Femmes protestantes (1)

Katharina von Bora (1499-1552)

01 janvier 2018

Nous commençons ce mois-ci une série de portraits de femmes remarquables, entrées dans l’histoire du protestantisme pour avoir joué un rôle important, su répondre aux besoins et défis de leur temps, ouvert des voies vers l’avenir. À part deux Allemandes, les femmes des réformateurs Luther et Zell, nous nous limiterons à des Françaises.

 

Notons d'abord que les profondes transformations apportées par Luther dans l’Europe du XVIe siècle touchent aussi à la place de la femme et du couple. L’affirmation du salut par la grâce seule remet en question le principe, admis alors, que le célibat des moines et des prêtres est un acte méritoire qui plaît davantage à Dieu que la vie du peuple laïque. Non, la nonne n’est pas plus assurée de son salut que la mère de famille ! En revenant à l’autorité de l’Écriture, on trouve confirmation dans les Épîtres que les premiers responsables des communautés dans l’Église primitive étaient souvent mariés.

© Commons wikimedia

 

Sortir des couvents

En demandant aux réformateurs et aux pasteurs de se marier, alors que c’était interdit aux prêtres, Luther ouvrait à leurs femmes un nouveau statut : seconder leur époux dans son ministère et le soutenir dans l’ensemble de sa vie, tout en partageant les tâches familiales du commun des fidèles. C’est le rôle qu’assumera pleinement son épouse.

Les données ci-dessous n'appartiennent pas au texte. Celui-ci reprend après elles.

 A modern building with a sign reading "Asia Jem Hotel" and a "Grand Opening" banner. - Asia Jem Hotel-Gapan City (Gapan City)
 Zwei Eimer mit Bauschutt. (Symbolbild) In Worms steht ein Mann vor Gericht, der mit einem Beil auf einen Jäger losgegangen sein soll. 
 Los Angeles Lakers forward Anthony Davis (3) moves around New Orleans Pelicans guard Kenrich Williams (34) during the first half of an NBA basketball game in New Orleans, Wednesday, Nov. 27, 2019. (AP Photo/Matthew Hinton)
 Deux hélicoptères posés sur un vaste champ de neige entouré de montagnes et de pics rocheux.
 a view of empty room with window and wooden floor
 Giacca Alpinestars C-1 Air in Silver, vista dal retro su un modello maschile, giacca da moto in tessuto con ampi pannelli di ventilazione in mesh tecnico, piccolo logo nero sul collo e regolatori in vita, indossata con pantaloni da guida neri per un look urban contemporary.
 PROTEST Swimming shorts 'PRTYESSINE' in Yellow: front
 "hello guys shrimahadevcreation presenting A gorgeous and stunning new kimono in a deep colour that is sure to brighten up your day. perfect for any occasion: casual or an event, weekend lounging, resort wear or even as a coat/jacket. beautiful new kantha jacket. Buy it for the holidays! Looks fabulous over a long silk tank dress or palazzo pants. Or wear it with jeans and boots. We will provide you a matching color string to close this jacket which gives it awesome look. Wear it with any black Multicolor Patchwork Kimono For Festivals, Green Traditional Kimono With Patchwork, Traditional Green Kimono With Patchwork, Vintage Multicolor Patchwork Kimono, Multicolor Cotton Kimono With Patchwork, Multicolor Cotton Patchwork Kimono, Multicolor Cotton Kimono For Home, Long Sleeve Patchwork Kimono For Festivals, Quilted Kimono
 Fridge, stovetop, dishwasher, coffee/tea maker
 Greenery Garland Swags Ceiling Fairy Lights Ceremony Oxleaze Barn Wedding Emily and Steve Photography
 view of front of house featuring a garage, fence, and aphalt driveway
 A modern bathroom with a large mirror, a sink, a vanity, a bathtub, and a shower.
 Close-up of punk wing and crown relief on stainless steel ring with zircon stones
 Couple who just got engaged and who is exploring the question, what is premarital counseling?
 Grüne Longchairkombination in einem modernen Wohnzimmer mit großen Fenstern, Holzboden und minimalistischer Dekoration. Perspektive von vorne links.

Katharina von Bora, de bonne famille, avait été mise au couvent dès 6 ans quand son père veuf voulut se remarier. Elle y prononça ses vœux à 16 ans. Lorsque les idées de Luther se répandent jusqu’au couvent, elle fait partie des quelques jeunes filles qui souhaiteraient le quitter. Elles écrivent à Luther qui organise leur évasion, la nuit de Pâques, avec la complicité du livreur de harengs du pays, lequel emmène une douzaine de nonnes sous la bâche de son chariot. Dès leur arrivée à Wittenberg, elles sont confiées à des familles ; la plupart se marieront assez vite. Pas Katharina ! Les promesses non tenues d’un jeune noble qu’elle aimait, mais dont les parents ne voulaient pas qu’il épouse une ex-nonne, puis le refus qu’elle oppose à une autre proposition, la maintiennent plus longtemps dans le célibat. Elle est alors au pair dans la famille du peintre Cranach l’ancien, très lié à Luther, où elle apprend comment gérer un grand ménage. Luther la juge orgueilleuse, trop indépendante.

 

Le mariage

Aussi est-ce pour ses amis une grande surprise quand le réformateur annonce qu’il se marie et que c’est avec elle. Le moment semble mal choisi : la guerre des paysans est dure en ce début d’été 1525. Melanchthon, le réformateur ami de Luther, est mécontent. Pourtant cette union de Martin (42 ans), peu amoureux au début, et de Kathie (26 ans), qui, pour sa part, ne refuse pas cette offre-là, sera très heureuse, et même exemplaire. On connaît des gravures de la famille de Luther, modèle de la parfaite famille pastorale, qui chante auprès du père musicien.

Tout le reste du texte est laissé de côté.